Palingbroodjes
Palingbroodjes
- De ideale paling is dik, rijp en vet en weegt 300 g. Hij wordt gestroopt, van kop en staart ontdaan en in mootjes van 7 tot 10 cm gehakt. De graat blijft erin zitten ten behoeve van de smaak.
- De mootjes worden gewassen, met peper en zout bestrooid en 2-3 uur weggezet om in te laten werken.
- De reden dat men de paling in brooddeeg bakt is dat de smaak dan goed bewaard blijft. Er moet geen bladerdeeg worden gebruikt, zoals in tweederangs kookboeken wordt voorgesteld en door sommige bakkers in praktijk gebracht. Het deeg bestaat uit 100% tarwebloem, 8% gist, 50% melk, 10% boter en wat zout.
- Er wordt een soepel deeg gekneed dat 30 minuten met een vochtige doek erover moet rijzen. Het deeg wordt nogmaals goed gekneed en dun uitgerold (5 mm).
- De palingmoten worden in plakjes deeg van 8 x 10 cm gerold, maar de uiteinden blijven open. De broodjes worden met de sluitnaad naar beneden op de bakplaat gezet en rijzen nog 30 minuten voordat ze worden gebakken: 15 minuten op 230°C.
- De Palingbroodjes worden nog zo'n 45 minuten onder een jute zak gelegd of in een wollen deken om de paling in de eigen warmte gaar te smoren.

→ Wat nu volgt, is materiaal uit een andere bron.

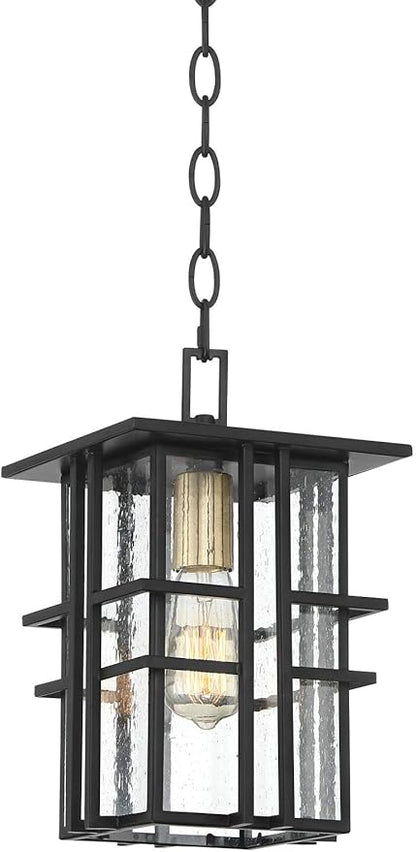 Possini Euro Design Arley Modern Outdoor Hanging Ceiling Light Fixture Black Geometric Frame 12 1/2" Seedy Glass for Exterior Barn Deck House Porch Yard Patio Outside Garage Front Door Garden Home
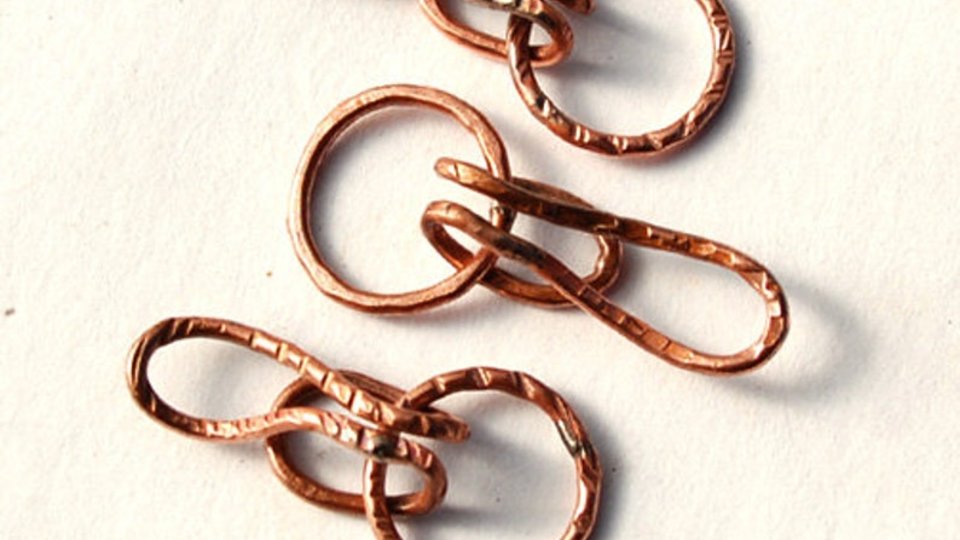 Hooked / Handmade Copper Hook and Eye Set / made to order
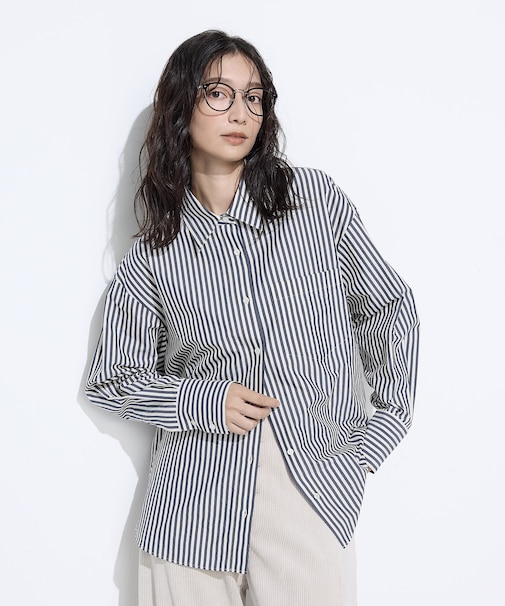 オーガニックキュプラ混 ストライプシャツ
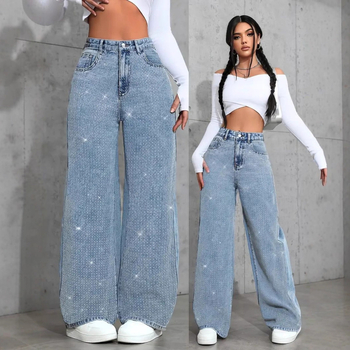 Fufu Denim Straight-leg Jeans με στρας, 70–80% βαμβάκι, <30% σπάντεξ, mid-rise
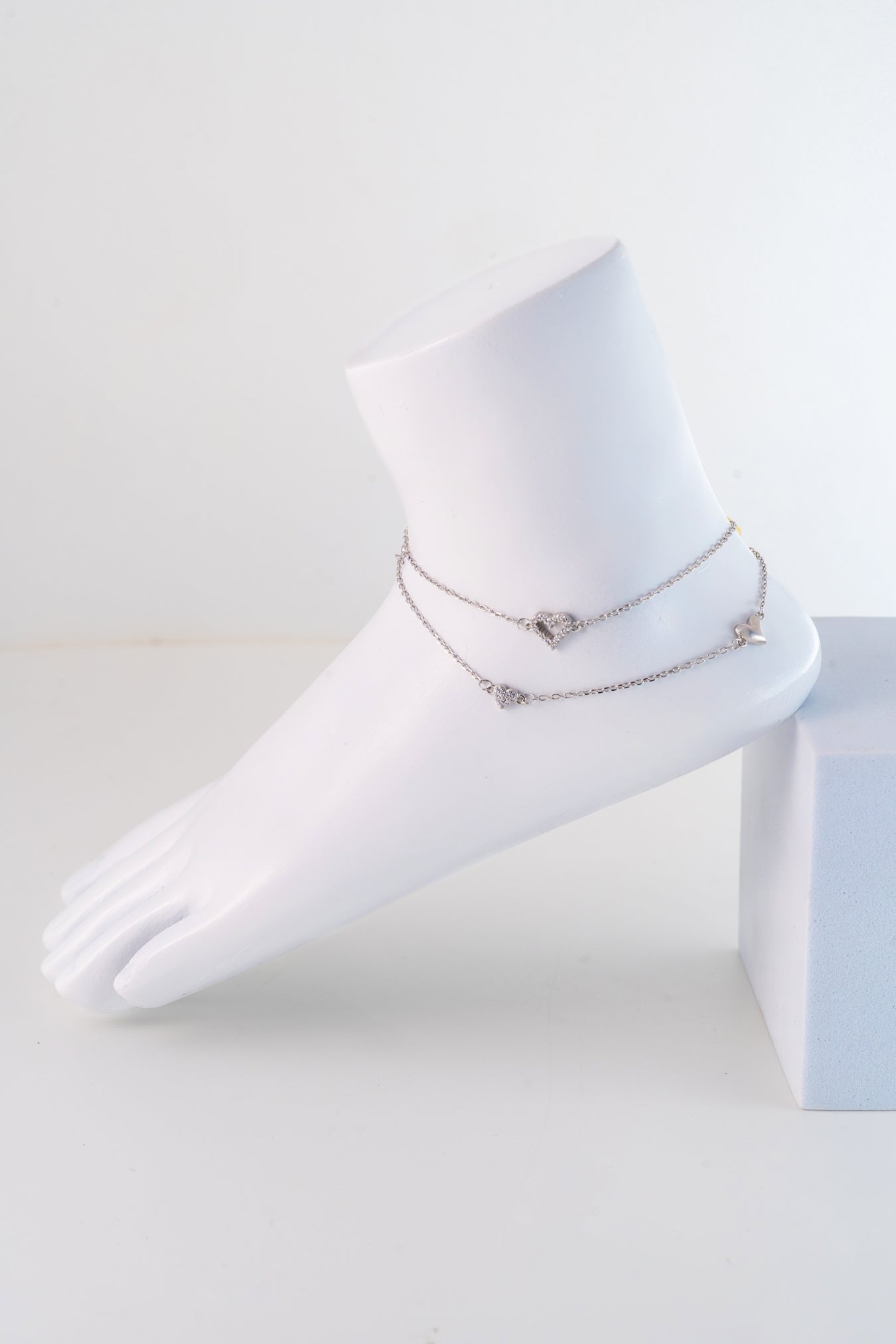 Layered Pure 925 Silver Heart Charm Anklet (10 Inch Adjustable)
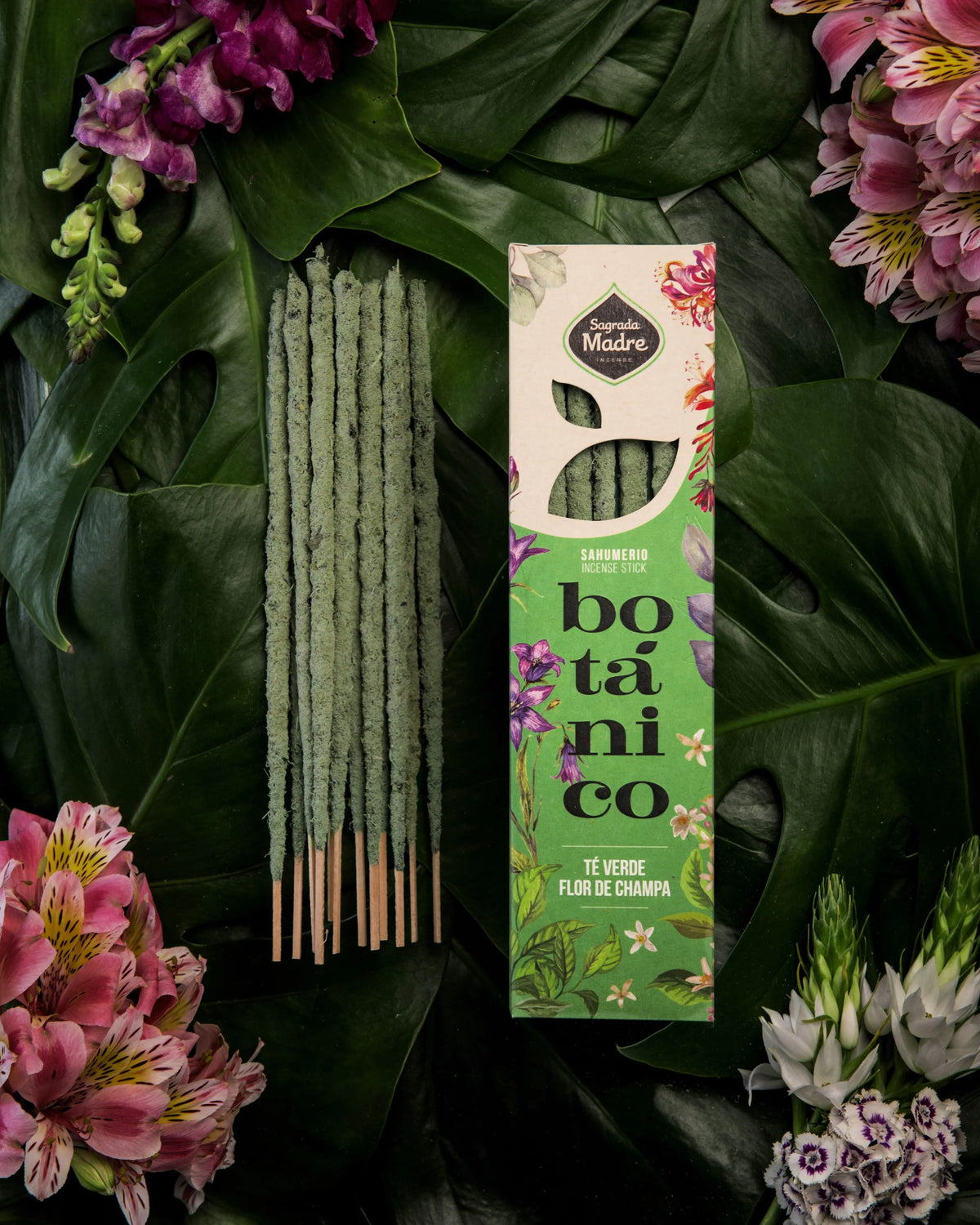 Incienso verde sobre hojas tropicales y flores de colores. Incluye caja con ilustración botánica de té verde y champa.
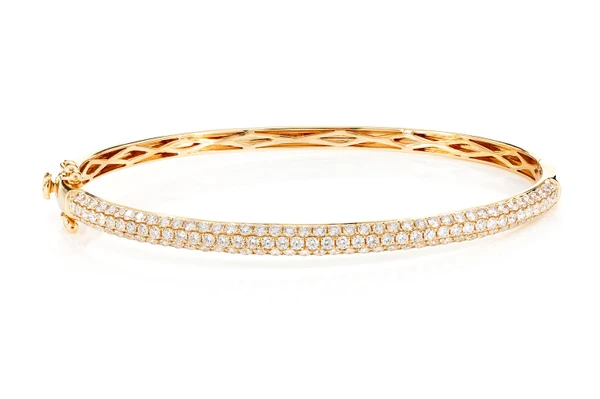 Diamond Three Row Pave Bangle Bracelet 14k Solid Gold 1.95ctw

- In Zeeland (Schouwen-Duiveland) worden door de bakkers van het deeg bolletjes van ca. 35 gram gemaakt. Nadat de bolletjes even gerezen zijn worden ze uitgerold tot ovale plakjes waar de paling ingevouwen wordt. (de uiteinden zijn dan gesloten) Het vormen is dus vergelijkbaar met het Brabantse worstenbroodje, maar ook die worden in bepaalde streken met open uiteinden gemaakt.